При слове «жратва» он вздрогнул, сделал глотательное движение, хрипло засмеялся и спросил:

— Ты хочешь сказать, что вы не ели досыта?

— Вот именно, — согласился я спокойно. — Мы никогда не ели досыта, я имею в виду, не ели у себя дома. До сих пор не понимаю, чем это объяснялось: вашей скупостью или вашими принципами; мне было бы приятнее, если бы это объяснялось скупостью… Как ты думаешь, что ощущает мальчишка после того, как он полдня гонял на велосипеде, наигрался в футбол и наплавался в Рейне?

— Очевидно, у него появляется аппетит, — ответил он холодно.

— Нет, — возразил я, — не аппетит, а волчий голод! Черт побери, с раннего детства мы знали, что мы богаты, баснословно богаты… но лично нам деньги ничего не давали… мы не могли даже наесться как следует.

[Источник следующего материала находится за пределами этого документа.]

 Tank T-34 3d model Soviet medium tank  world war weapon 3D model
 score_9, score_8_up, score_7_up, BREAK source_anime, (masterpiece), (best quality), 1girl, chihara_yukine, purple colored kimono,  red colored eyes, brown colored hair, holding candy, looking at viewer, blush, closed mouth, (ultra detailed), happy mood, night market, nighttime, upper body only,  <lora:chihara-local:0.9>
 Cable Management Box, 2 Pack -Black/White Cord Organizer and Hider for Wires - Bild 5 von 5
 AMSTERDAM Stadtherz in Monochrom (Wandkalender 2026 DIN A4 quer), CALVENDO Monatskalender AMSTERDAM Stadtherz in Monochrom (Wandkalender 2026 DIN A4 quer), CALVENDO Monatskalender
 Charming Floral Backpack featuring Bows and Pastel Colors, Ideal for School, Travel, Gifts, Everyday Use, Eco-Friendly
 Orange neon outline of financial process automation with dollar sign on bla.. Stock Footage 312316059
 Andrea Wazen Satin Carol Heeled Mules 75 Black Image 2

— Вам чего-нибудь не хватало?

— Да, — ответил я. — Ведь я уже сказал — нам не хватало еды… и еще карманных денег. Знаешь, о чем я всегда мечтал, будучи ребенком?

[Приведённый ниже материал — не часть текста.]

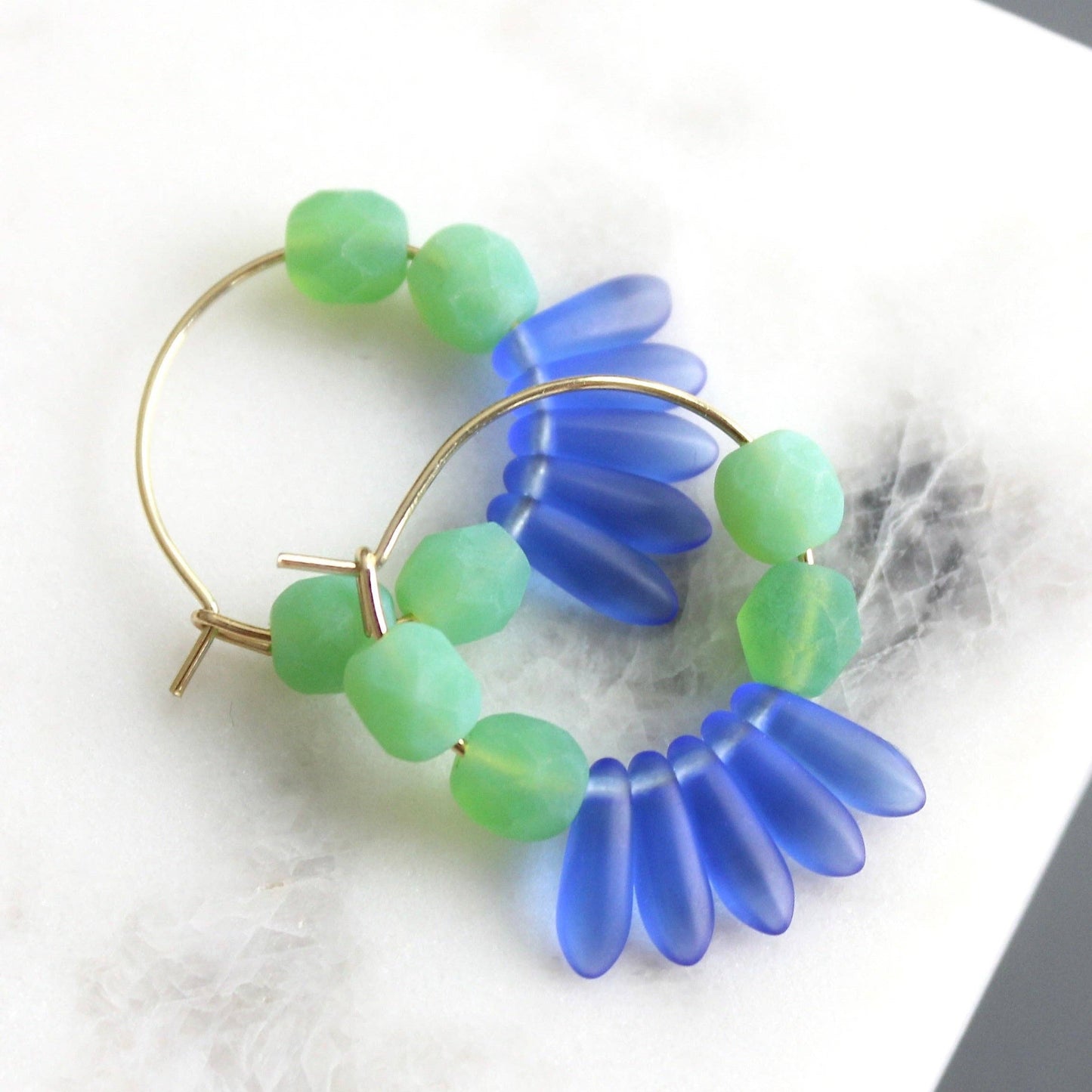 cobalt & mint hoop earrings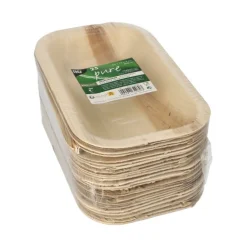 PAPSTAR Siegelschalen Palmblatt "pure" eckig 400 ml 24 cm x 15 cm x 4 cm ungeteilt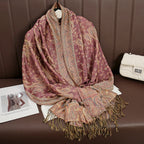 2025 new ethnic style retro shawl cashew flower geometric scarf cloak tassel scarf multi-color variety options available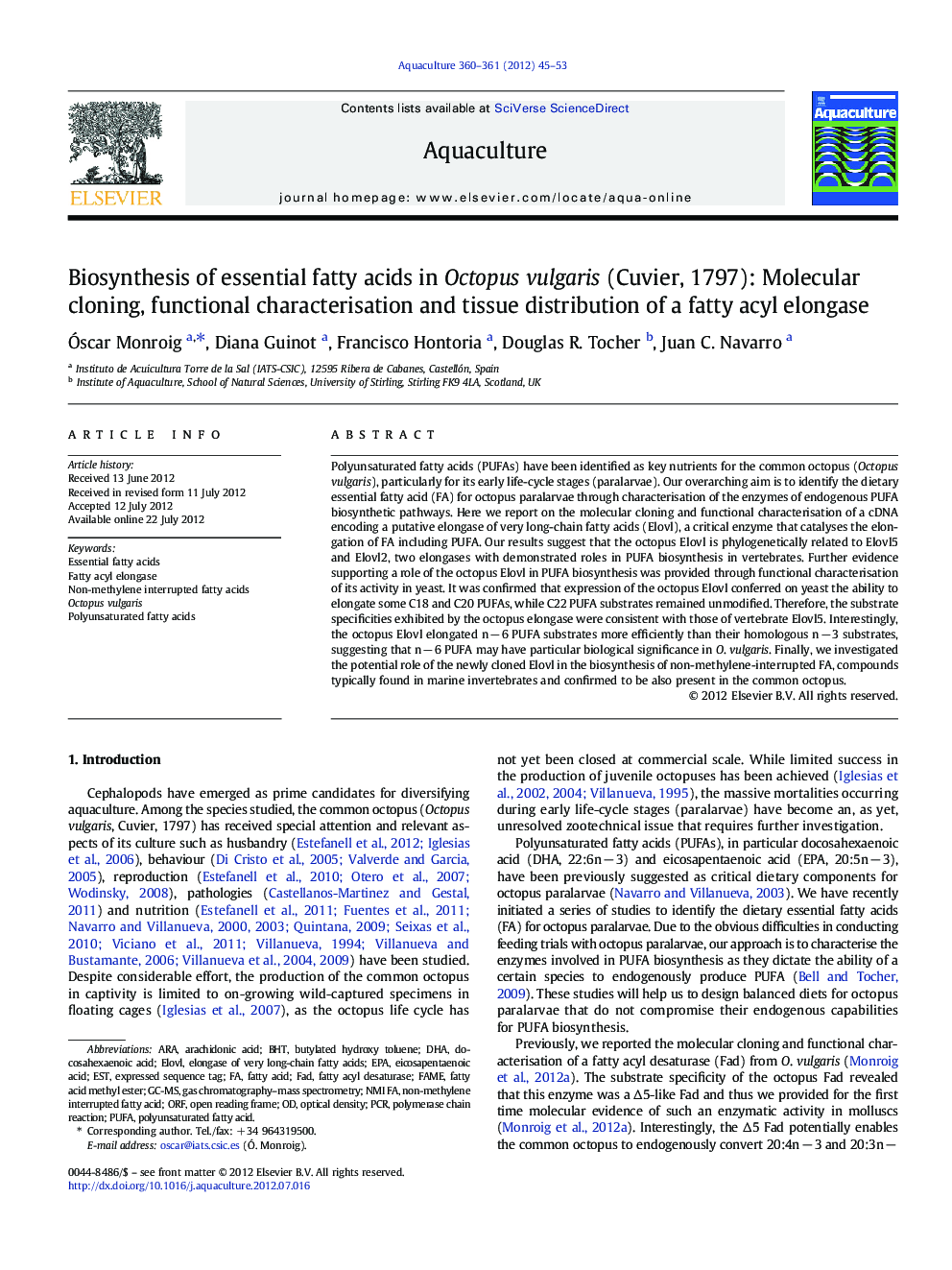 Biosynthesis of essential fatty acids in Octopus vulgaris (Cuvier, 1797): Molecular cloning, functional characterisation and tissue distribution of a fatty acyl elongase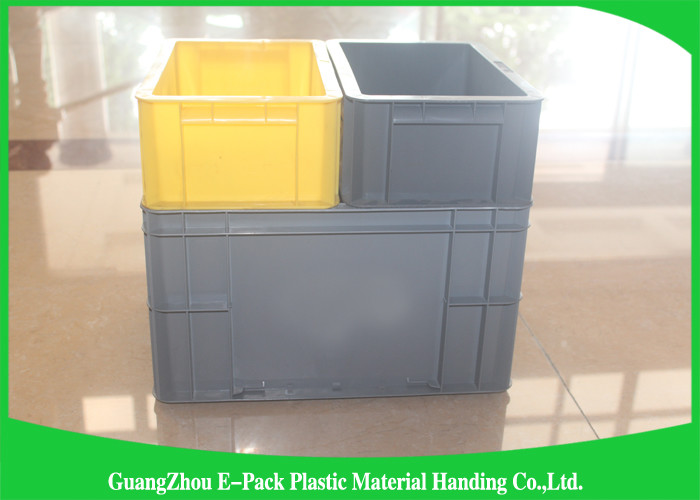 Grey Industrial Euro Stacking Containers Foldable Transport Non - Slip PP
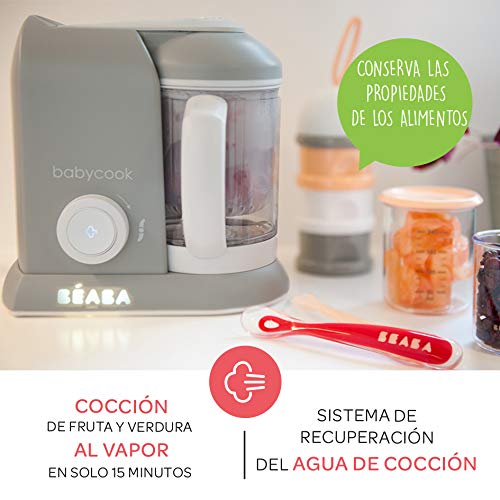 Béaba Babycook Solo Robot de cocina infantil 4 en 1, Tritura, cocina y cuece al vapor, Cocción al vapor rápida, Comida casera y deliciosa para bebés y niños, Comida variada para tu bebé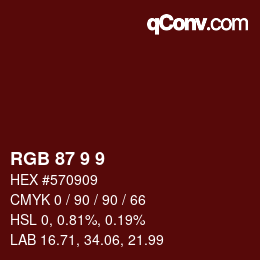 Color code: RGB 87 9 9 | qconv.com
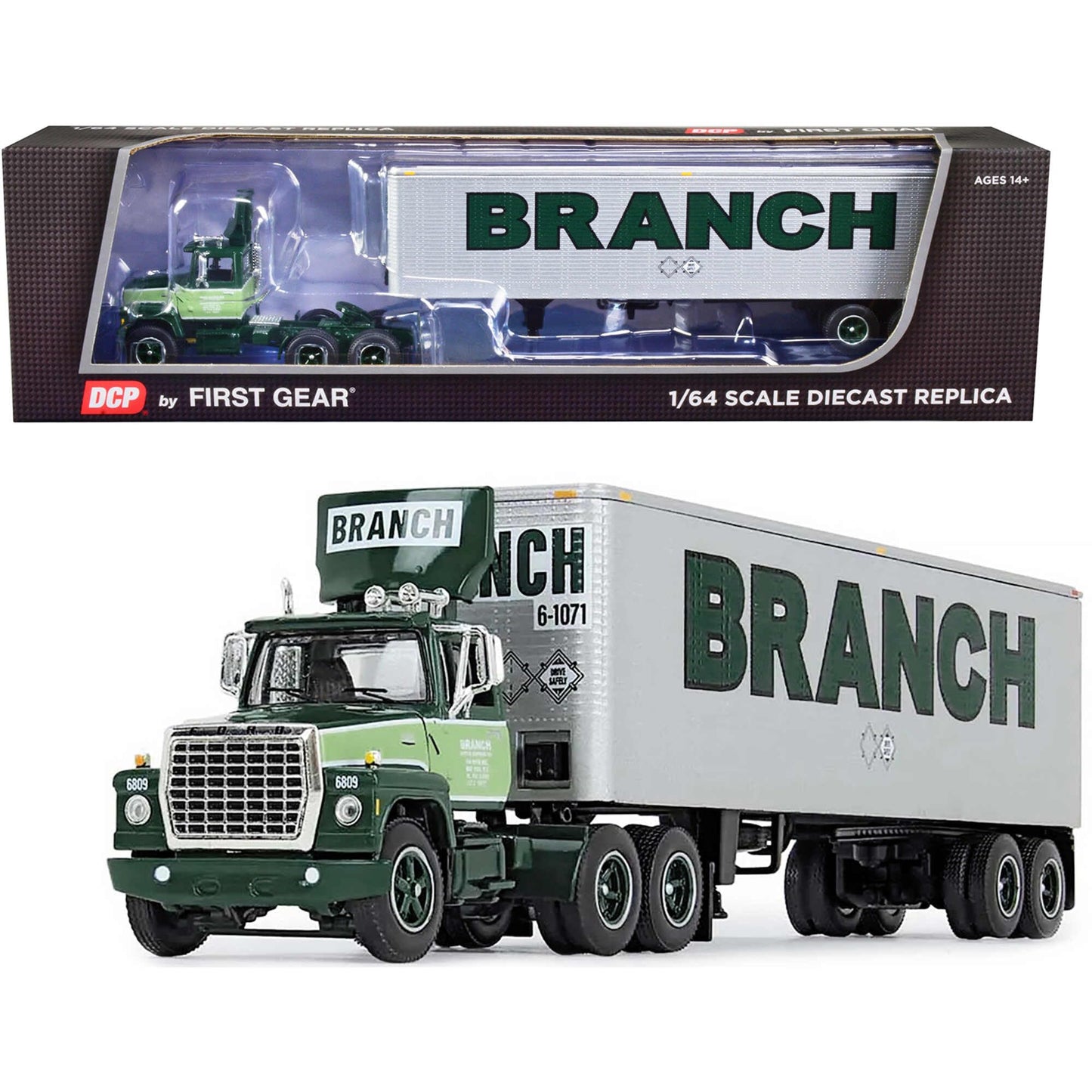 Ford Lt-9000 Day Cab With Vintage 40' Dry Goods Tandem-Axle Trailer Green ''Branch Motor Express'' 1/64 Diecast Model By Dcp/Fir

— Боже мой! — сказал он испуганно. — О чем?

— О картошке, — сказал я. — Но у матери уже тогда был этот «пунктик» с похудением — ты ведь знаешь, она во всем опережала свое время, — у нас в доме не переводились болтливые дураки, и у каждого из них была своя собственная теория правильного питания; к сожалению, ни в одной из этих теорий картошка не расценивалась положительно. Когда вас не было, прислуга варила себе иной раз на кухне картошку — картошку в мундире, круто посоленную, с маслом и с луком; случалось, и нас, детей, будили и под величайшим секретом разрешали спуститься вниз в одних пижамах, и мы набивали себе брюхо картошкой. А по пятницам мы обычно ходили к Винекенам, и там всегда бывала картошка с луком, мамаша Винекен накладывала нам тарелку с верхом. И еще — у нас дома в хлебнице всегда было слишком мало хлеба; ох, уж эта наша хлебница! Я вспоминаю ее с отвращением, с содроганием — в ней лежал этот проклятый хрустящий хлебец или несколько черствых ломтиков булки — черствых из «диетических соображений»… А вот когда ни придешь к Винекенам, у них всегда свежий хлеб; Эдгар сам приносил его из булочной, а мамаша Винекен левой рукой прижимала буханку к груди, а правой отрезала толстые ломти — мы сразу хватали их и мазали яблочным повидлом.

Отец устало кивнул, я подал ему пачку сигарет, он взял сигарету, и я дал ему прикурить. Мне было жаль его. Как тяжело, наверное, впервые в жизни по-настоящему беседовать с сыном, когда тому уже под тридцать.

— Ну и еще тысячи разных вещей, — продолжал я, — например, дешевые леденцы или воздушные шарики. Мать считала, что воздушные шарики — это выброшенные деньги. Правильно. Это действительно выброшенные деньги, но как бы страстно мы ни желали выбрасывать деньги, нам все равно не удалось бы выбросить ваши вонючие миллионы, покупая… воздушные шарики. А дешевые конфеты! Относительно них у матери были свои теории — весьма мудрые и наводящие страх: она доказывала, что они — яд, сущий яд; однако это вовсе не значило, что взамен этих конфет она давала нам другие, неядовитые конфеты — она попросту не давала нам никаких. В интернате удивлялись, — сказал я тихо, — что я единственный никогда не жаловался на еду, я жрал все подряд и находил, что нас там восхитительно кормят.